Dilla, wanita canti dan anggun, kulitnya kuning langsat. Pokoknya khas Asia deh. Dia lebih tua beberapa umur dari kami, jadi wajar jika dia terlihat dewasa dengan pemikirannya.

Dia pintar dan baik, dia juga mengizinkan kami menari di Sanggarnya. Dan itu adalah sebuah keberuntungan bagi kami, terutama aku.
Dulu aku pernah ikut kompetisi tari, dan Dilla dengan senantiasa mengajarkanku, walaupun kalah, aku tetap bangga, karna itu adalah pengalaman pertamaku.

"Kaliann, kemana aja, kok udah lama nggak kesini, anak-anak pada nyariin tuh" ujar Dilla semabari menatap anak-anak didiknya yang umurnya rata-rata masih sekolah SD.

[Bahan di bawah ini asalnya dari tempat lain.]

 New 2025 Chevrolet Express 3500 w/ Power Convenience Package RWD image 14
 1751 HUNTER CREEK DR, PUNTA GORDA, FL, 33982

Dulu sekali memang aku selalu mengajari anak didik Dilla, jika dia tidak ada.

"Sorry Dil, kita sibuk ngerem dirumah, jadi baru sempet kesini" ucapku sambil tersenyum imut kepadanya.
"Iya deh iya, kalian menari diruang pribadiku aja ya" tunjuknya pada pintu yang diberi tulisan Dilla's Secret " Aku ngajar dulu" Dilla mengerlingkan mata pada kami, sambil berjalan menuju anak didiknya.

"Aku malas nari Rell, kamu aja ya" ujar Amel terkekeh. Aku hanya mengangguk.

"Mel, kalau aku ngedance menurut kamu gimana? Aku mau coba sesuatu yang baru, kesannya kuat, liar, dan wow gitu. Kalau nari yang melow-melow aku udah bosen. Meski belum mahir-mahir amat sih"

Amel melongo "Itu keren banget Rell, sepertinya dance memang lebih cocok sama kamu, kamu bisa gerak sesukamu, liar. Ya cocok sama kepribadianmu. Kok baru ngeh sekarang sih? Sedangkan balet jauh dari kata cocok sama kepribadianmu, seperti sayur kurang garam"

Aku terkekeh "Jangan copas ucapan orang donk"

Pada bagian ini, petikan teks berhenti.